Titas Gas Root Access Sold! on Dark Web

On November 1st, the Bangladesh Cyber Security Intelligence (BCSI) Threat Intelligence team identified a significant security breach: a threat actor was offering root access to Titas Gas’s firewall for sale. BCSI reported this alarming development in an article titled “Titas Gas: Hacker Offers Root Access for Sale“

At that time the threat actor offered the access for an initial price of $1,000 USD. Alarmingly, the hacker(s) hinted that the price would increase as they expand their access to additional critical servers and infrastructure components.

On November 4th, the threat actor resurfaced, reposting their offer for root access to Titas Gas’s firewall at an increased price of $2,500 USD. This price hike suggests the actor may have acquired deeper, more critical access within the organization, aligning with their earlier hints that the cost would rise as they expanded their reach into additional servers and infrastructure. The escalation in price reflects the growing risk posed to Titas Gas’s systems and highlights the persistent vulnerability of essential infrastructure in the face of cyber threats.

Following an in-depth investigation, the Bangladesh Cyber Security Intelligence (BCSI) Investigation team obtained proof verifying the threat actor’s access to Titas Gas’s systems.

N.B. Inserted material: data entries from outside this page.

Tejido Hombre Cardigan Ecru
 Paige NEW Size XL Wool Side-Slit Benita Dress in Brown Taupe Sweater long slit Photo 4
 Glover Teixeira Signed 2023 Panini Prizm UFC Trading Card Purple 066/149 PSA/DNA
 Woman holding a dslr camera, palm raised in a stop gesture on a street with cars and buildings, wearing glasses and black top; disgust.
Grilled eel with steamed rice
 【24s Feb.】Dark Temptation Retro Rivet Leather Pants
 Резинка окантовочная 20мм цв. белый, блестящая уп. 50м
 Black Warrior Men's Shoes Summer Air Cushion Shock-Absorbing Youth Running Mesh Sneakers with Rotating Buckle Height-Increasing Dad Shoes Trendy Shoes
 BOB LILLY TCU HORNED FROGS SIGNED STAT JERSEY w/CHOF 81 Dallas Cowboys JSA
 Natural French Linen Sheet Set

This confirmation underscores the severity of the breach and validates the threat actor’s claims, raising significant concerns about the security of critical infrastructure in Bangladesh.

In a recent report published by a Bangladeshi popular TV channel, Titas Gas authority said that their systems were secure, stating their servers are hosted in the National Data Center under the management of the Bangladesh Computer Council (BCC). Following these claims, the BCC responded by initiating its own investigation to assess the situation.

However, on November 10th, when the investigation team reached out to the threat actor again, It is informed that the access had already been sold out. However, there was no information about the buyer or the price at which it was sold.

This statement raises concerns of potential cyber threats facing Titas Gas, such as data breaches, sabotage, or ransomware attacks, if the access fall into any miscreants as Bangladesh faced a 105% rise in cyber incidents from the second to the third quarter of 2024.

The incident of Titas gas is a stark reminder of the vulnerabilities of 30 + Critical Information Infrastructure (CII) of Bangladesh as well as reflects the country’s cyber readiness when cyber security is being considered as the top priority.

Potential Risks with Root Access

1. Data Breach: Sensitive data, including customer information, billing records, and operational details, could be stolen or leaked.
2. Network Sabotage: The threat actor could disrupt network traffic, compromise the firewall, or manipulate data, leading to service outages.
3. Unauthorized Access Expansion: With root access, the actor could potentially move laterally across the network, compromising additional servers and applications.
4. Deployment of Malware or Ransomware: Malware or ransomware could be deployed, locking critical files or systems and demanding payment for access restoration.
5. Manipulation of Operational Data: The actor could tamper with data used in gas supply management, potentially leading to service disruptions or safety risks.

Recommendations for Mitigation and Prevention

• Revoke and Re-Establish Access Controls: Immediately change all access credentials and implement multi-factor authentication (MFA) on all critical access points.
• Audit and Patch Vulnerabilities: Perform a comprehensive vulnerability assessment to identify and patch security gaps, especially any that may have allowed initial access.
• Monitor Network Traffic: Set up advanced monitoring to detect unusual activities, such as data exfiltration or unauthorized network access. Enable alerts for suspicious logins and data transfer anomalies.
• Isolate Critical Systems: Segment the most sensitive parts of the network to minimize exposure in case of further breaches.
• Engage Incident Response: Collaborate with cybersecurity experts to understand the extent of the breach and remediate the environment.